▶ [GIVEN RECORDS]
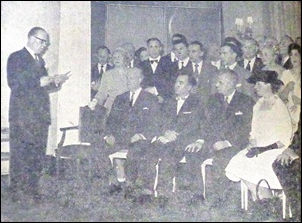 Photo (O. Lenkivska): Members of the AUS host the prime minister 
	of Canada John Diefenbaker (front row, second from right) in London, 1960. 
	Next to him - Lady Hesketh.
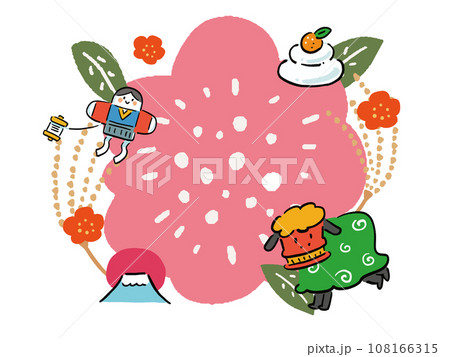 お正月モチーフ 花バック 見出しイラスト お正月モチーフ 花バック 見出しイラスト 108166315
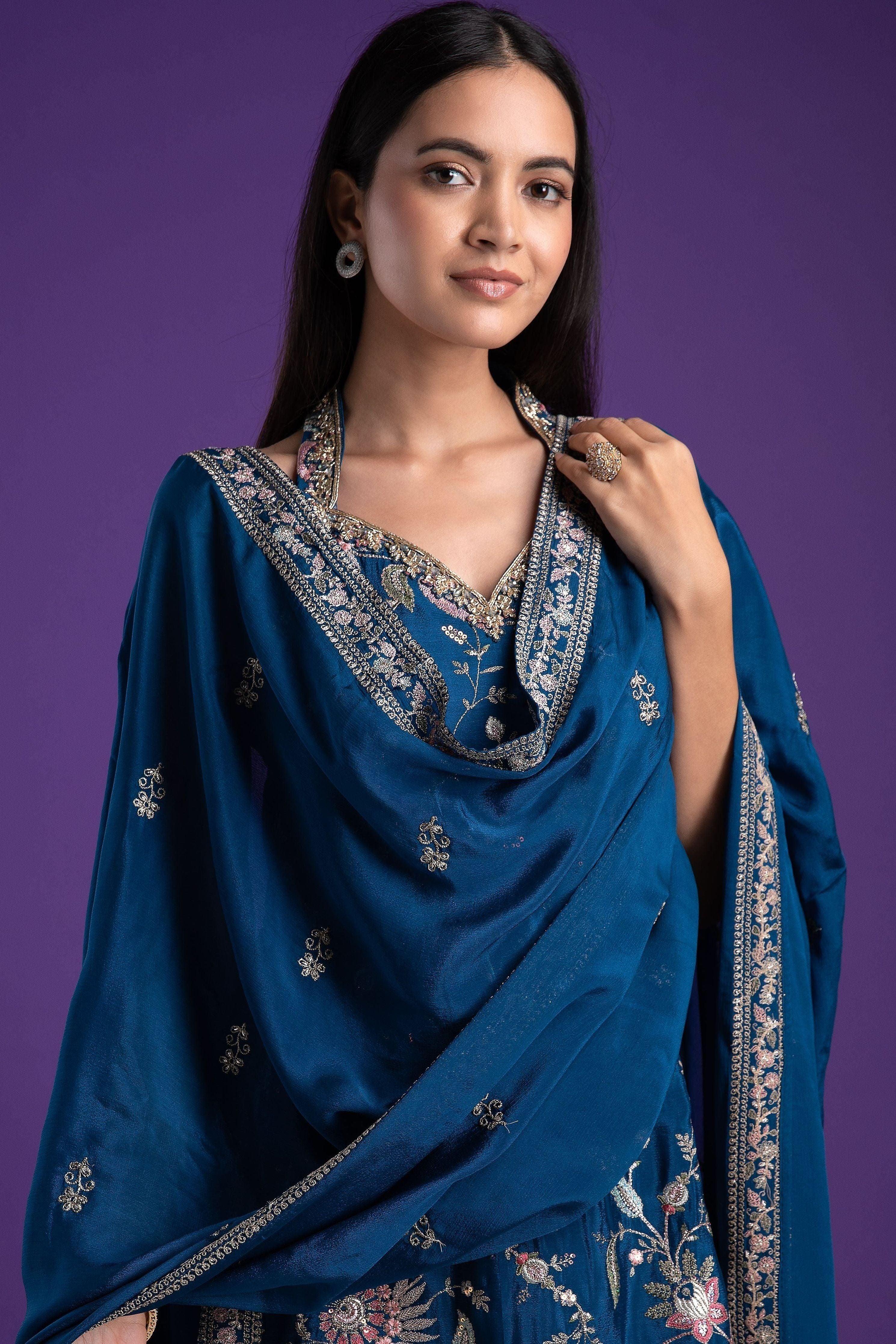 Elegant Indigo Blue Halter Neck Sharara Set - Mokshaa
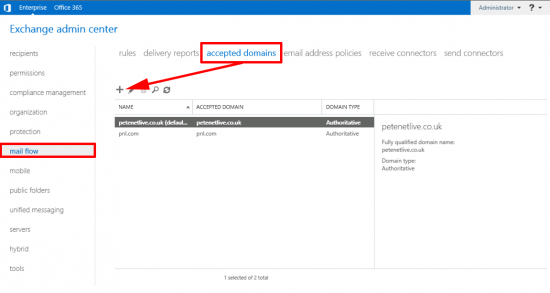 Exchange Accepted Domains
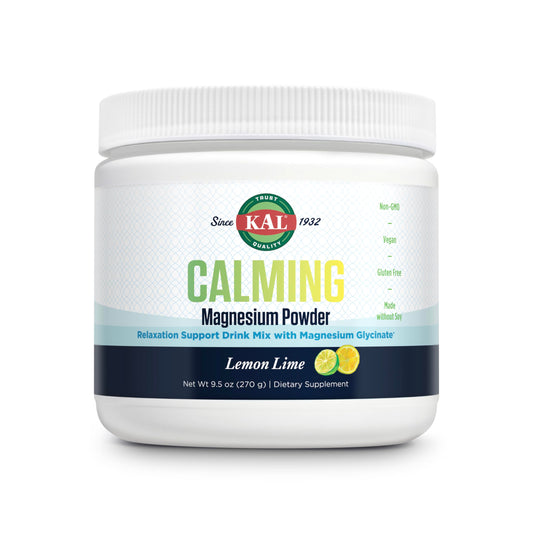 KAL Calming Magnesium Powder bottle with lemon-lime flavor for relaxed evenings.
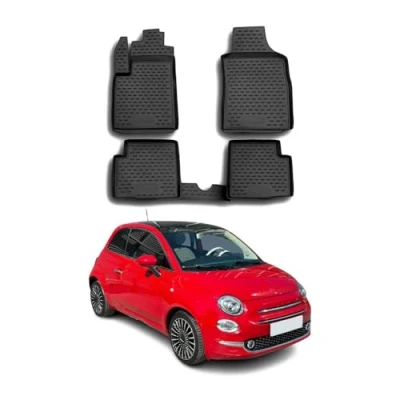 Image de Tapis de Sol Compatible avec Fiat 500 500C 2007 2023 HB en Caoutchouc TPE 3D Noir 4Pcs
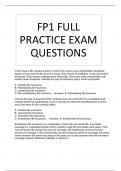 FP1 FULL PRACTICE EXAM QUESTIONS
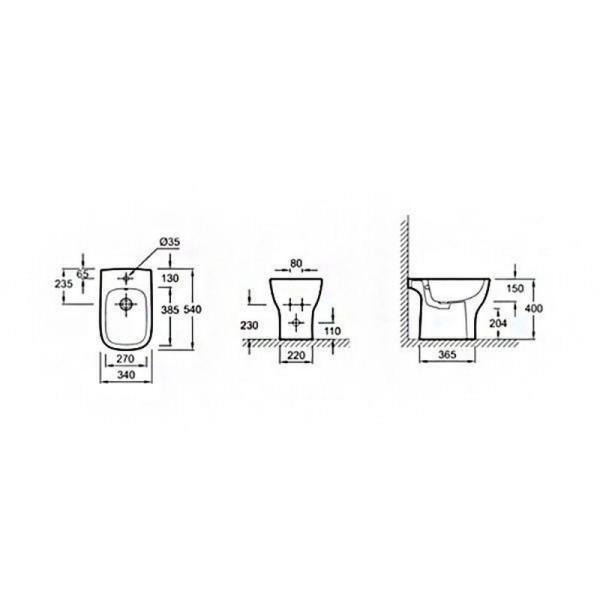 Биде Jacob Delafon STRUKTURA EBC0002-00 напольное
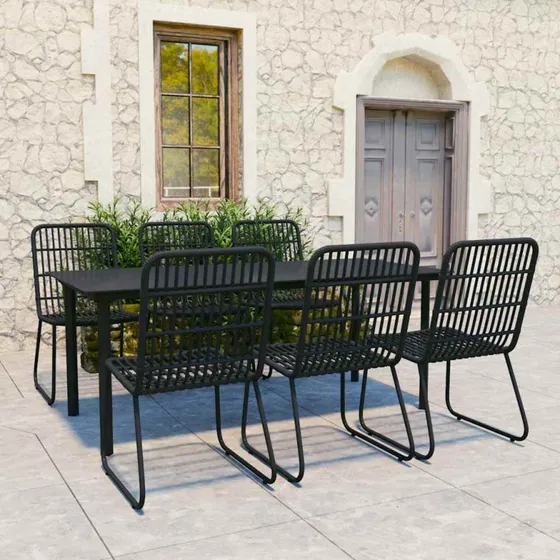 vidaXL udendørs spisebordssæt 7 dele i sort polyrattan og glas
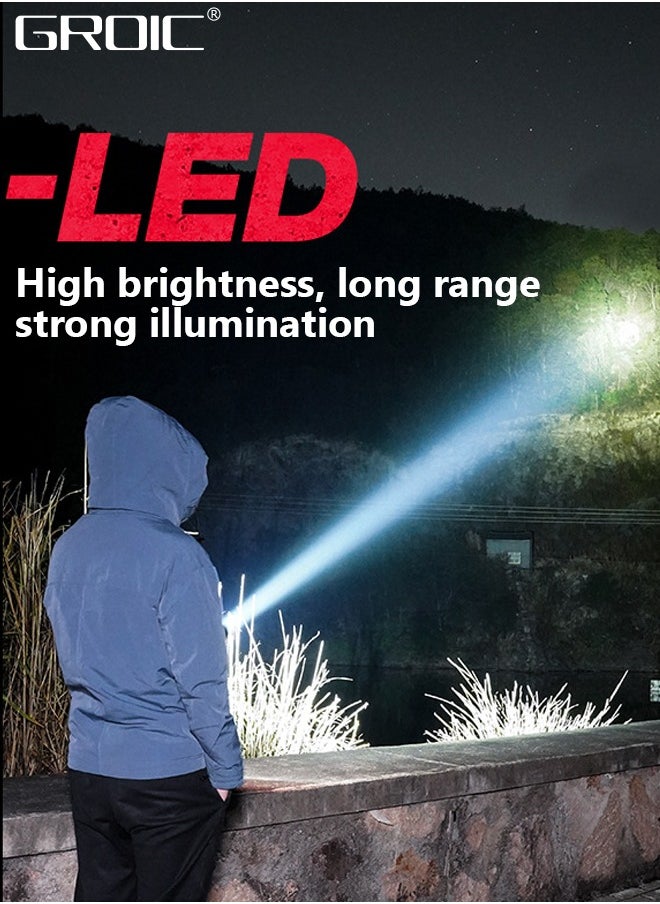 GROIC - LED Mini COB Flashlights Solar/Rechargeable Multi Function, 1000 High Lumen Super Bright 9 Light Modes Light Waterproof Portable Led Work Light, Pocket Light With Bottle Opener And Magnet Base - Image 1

▶ [TASK TO COMPLETE] When you come to the line containing "お正月モチーフ 花バック 見出しイラスト お正月モチーフ" in the records above, repeat that line and all lines after it exactly, but not the pictures.

▶ [THE ANSWER]
 お正月モチーフ 花バック 見出しイラスト お正月モチーフ 花バック 見出しイラスト 108166315
 Elegant Indigo Blue Halter Neck Sharara Set - Mokshaa
 Exchange Accepted Domains
 KAL Calming Magnesium Powder bottle with lemon-lime flavor for relaxed evenings.
 Image de Tapis de Sol Compatible avec Fiat 500 500C 2007 2023 HB en Caoutchouc TPE 3D Noir 4Pcs
 FP1 FULL PRACTICE EXAM QUESTIONS
 Биде Jacob Delafon STRUKTURA EBC0002-00 напольное
 vidaXL udendørs spisebordssæt 7 dele i sort polyrattan og glas
 GROIC - LED Mini COB Flashlights Solar/Rechargeable Multi Function, 1000 High Lumen Super Bright 9 Light Modes Light Waterproof Portable Led Work Light, Pocket Light With Bottle Opener And Magnet Base - Image 1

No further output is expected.